Casual guests and family members came in the kitchen door, but more formal visitors came in the living room entry, and as I remember it, was graced with rather an ornate door with a glass window, perhaps partly etched.

This porch was one of the main habitats of the family, as it had a wooden slatted bench with a back against the northern wall, and a couple of rocking chairs spread casually on other spaces.

At the southeast corner of the porch was a two-inch pipe railing with two horizontal rails….and my earliest memory was of Mom tethering me to that rail so I would not wander off.

Projecting out southward of the railing was the door or lid to the cellar entrance…which was seldom opened. It evidentially had a strong lid, for I recall myself and neighbor kids bouncing up and down on it without going through.

To the west and abutting the porch was an old cistern. It had a wooden platform and was made of tin, perhaps three feet tall with a crank on one side and a spout on one end. This cistern was widely known and had a certain taste I can’t describe, perhaps that of soft water, for I remember feminine members of the household washing their hair in cistern water. And in my infant years, it was my duty to go out with a pitcher and fill it for meals…almost ice cold not matter the season.

Down in the cistern perhaps ten or twelve feet was a bed of charcoal, and slightly above that, inlet pipes from the gutters around the house which caught rainwater and channeled it to the cistern. I’ve read about them since, and that they take a lot of maintenance…but, I can’t recall anyone ever tinkering with it in any way. Inside the metal casing was a sprocket wheel and sort of chain with little cups were attached at intervals, and as the crank was turned these buckets would go down into the water and bring up their contents to dump into the spout.
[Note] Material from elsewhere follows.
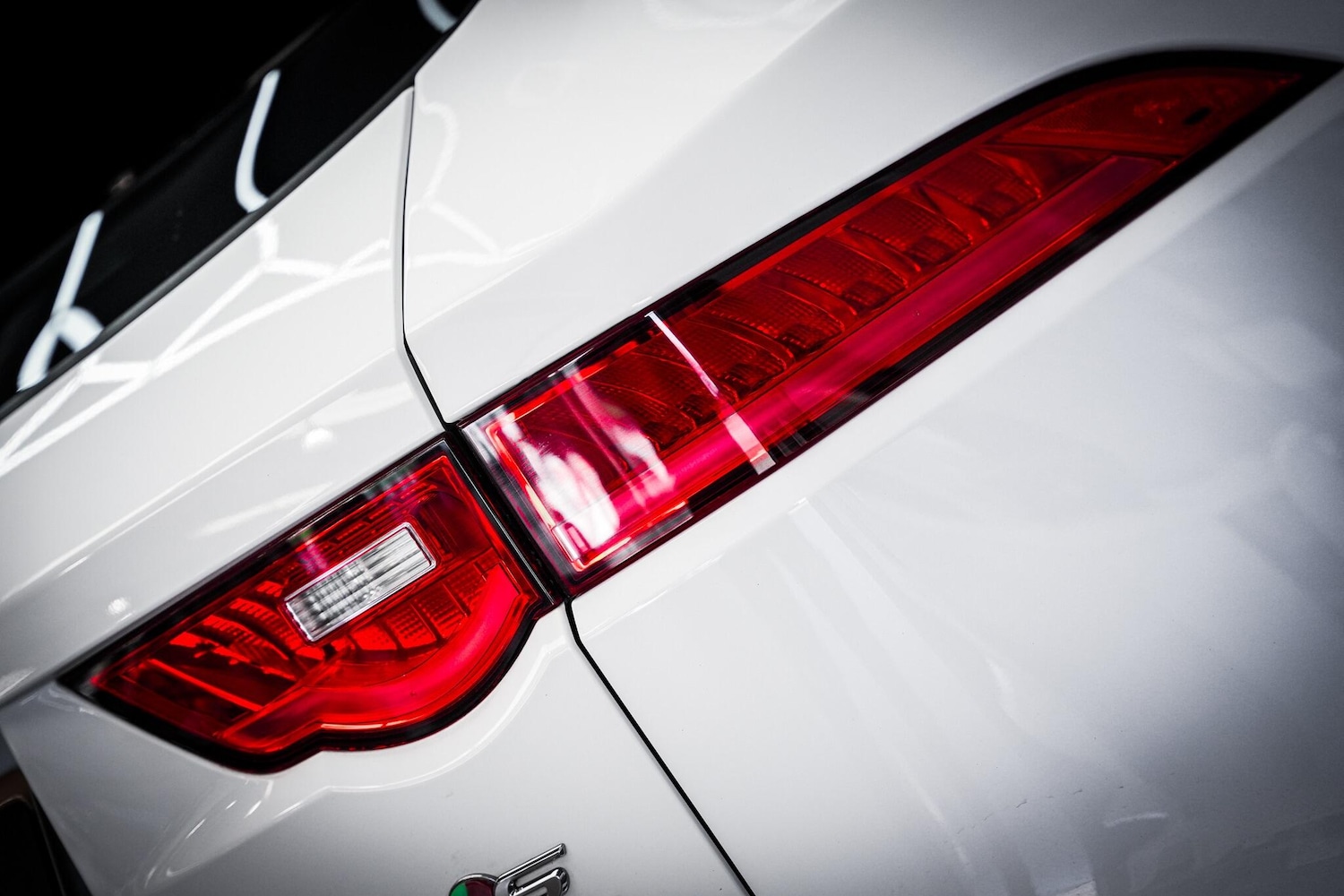 Used Jaguar F-Pace 2018 for sale - 77682989: Photo 40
I remember distant family members visiting and delighting in the taste of that water, so it must have been special.

Continuing with a description of the house. Behind the fancy door and the entry down the hall from the kitchen, was the living room. It had a long couch along the north side of the room (now in the possession of Fred Tonsing). It was rather hard and stuffed with horsehair, but I recall sleeping on it many times, or reclining lazily. Mom also had a china cabinet along the east side of the living room, and various chairs were scattered around the room. On the south side was a bay window, projecting out perhaps two feet, and it was my duty every night to go out and close the wooden shutters.

The living room was perhaps the real heart of the house, for here Grandma Martin resided and received many guests. I’ll cover that subject more thoroughly later on in this theme paper.

A fireplace adorned the south wall, just east of the bay window, but I never recall seeing a fire there. Perhaps it was dangerous, and so was never used. We always had trouble with the outside walls in that area bulging outward, and that may have prevented use of the fireplace.

Along the northern wall, going eastward, was a large room, probably originally a sort of sitting room…but in my day it was Grandma’s bedroom. I had to sleep in there on a cot beside her bed in my formative years and get up when she wanted anything.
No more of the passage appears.